Es mag ein Zug des sich gerne selbstzerfleischenden Protestanitsmus der Schweiz sein - der im übrigen seit 1868 gänzlich einer geschriebenen Konfessionsschrift misstraut -, dass das Calvin-Jahr in der SchweizerischenÖffentlichkeit bis anhin kaum Beachtung gefunden hat. Es sind die zugewanderten Geistes-Gastarbeiter, die sich des Erbes des wohl wirkungsmächtigsten "Eidgenossen" annehmen.
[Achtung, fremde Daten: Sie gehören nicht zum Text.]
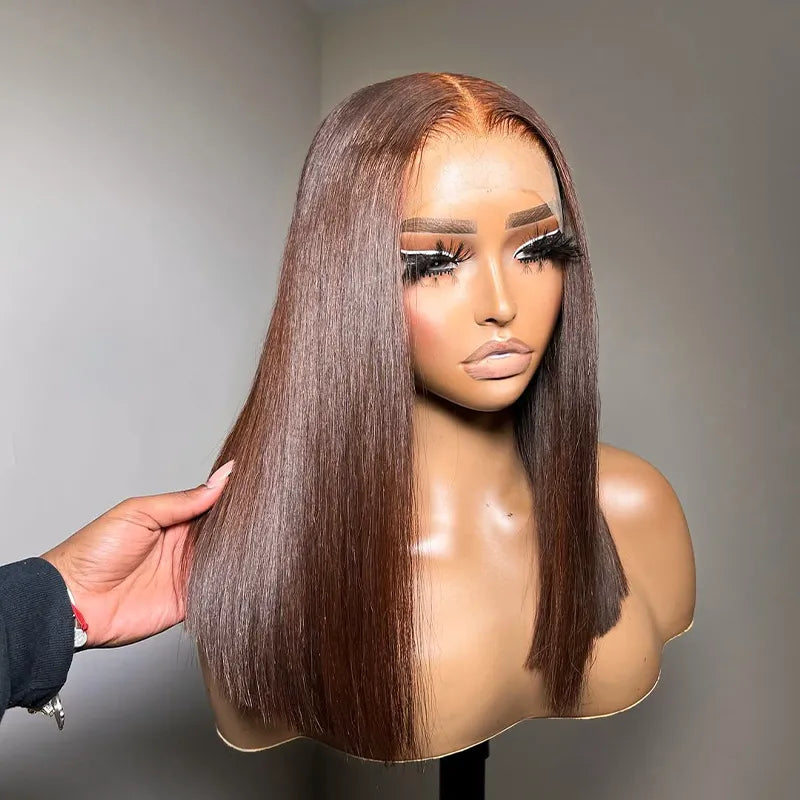 Double Drawn High Density Pull Go 13x4 Lace Bob Wig Rich Brown Bone Straight Lace Frontal Wig - Image 4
Oder aber es handelt sich um Schweizer Katholiken, die mit patriotischer Inbrunst und barocker Sprachfreude die Bedeutung des von ihrer Kirche "verketzerten" Miteidgenossen feiern.
Zwei Texte möchte ich den hier vorbeirauschenden Bloggonauten sehr ans Herz legen. Zum einen die in der "Frankfurter Allgemeinen Zeitung" erstmals veröffentlichte Polemik des in Berlin weilenden Einsiedler Klosterschülers Thomas Hürlimann: "Herr Steinbrück, Sie haben Mundgeruch". Hier wird Calvin zwar nur in einem Nebensatz erwähnt, aber als effiziente Brücke zwischen Hirten-Mentalität und Genfer Weltgeltung treffend gewürdigt.
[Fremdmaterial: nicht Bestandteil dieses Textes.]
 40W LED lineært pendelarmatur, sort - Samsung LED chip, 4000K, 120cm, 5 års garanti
Zum andern das wahrhaft beeindruckende "Interview", das der Egon-Kisch-Preisträger, Erwin Koch, im heutigen "Magazin" des Sonntagsblick zusammengestellt hat. Es ist eine subtil didaktisierte, anschauliche Würdigung des grossen "Eidgenossen". Leider kann ich auf das Meisterwerk nicht linken, empfehle es aber allen (allenfalls beim Verlag nachbestellen) die eine leichtfassliche, sprachlich herausragende und historisch gründliche Würdigung des grossen Genfers suchen. Wer sich nun wudert, warum eine solche publizistische Perle, nicht im "Magazin" des Hauses Tamedia erscheint, der sei auf diese kleine "Personalie" verwiesen, und den saloppen Umgang, den man nun dort mit dem grossen Genfer "Gotteskrieger" pflegt.
Der jetzige Chefredaktor, Finn Canonica, ein bekennender Katholik ("was ich mag: (...) Loyalität, die Beichte, die Messe, meine Frau, meine Töchter Emily&Miel") mit Hang zur Thematisierung von katholischem Life-Style und Äusserlichkeiten, mag in seinem Blatt weniger die "kritische Reflexion" sondern sieht sich eher als Wortführer , Chef und Beichtvater einer neuen urban-hedonistischen Bürgerlichkeit beliefert von Rudeljournalisten von Martin Kalls Gnaden.
Allerdings ist er von Selbstzweifeln nicht ganz frei. So fragt er die St.Galler Kommunikationstheoretikerin Miriam Meckel (im "Tages-Anzeiger" zur Karikatur-Kolumnistin geadelt), ob es nicht gemein sei, dass seinem Kolumnisten, Daniel Binswanger, ob seiner Ganzkörperfoto "Eitelkeit" vorgeworfen werde.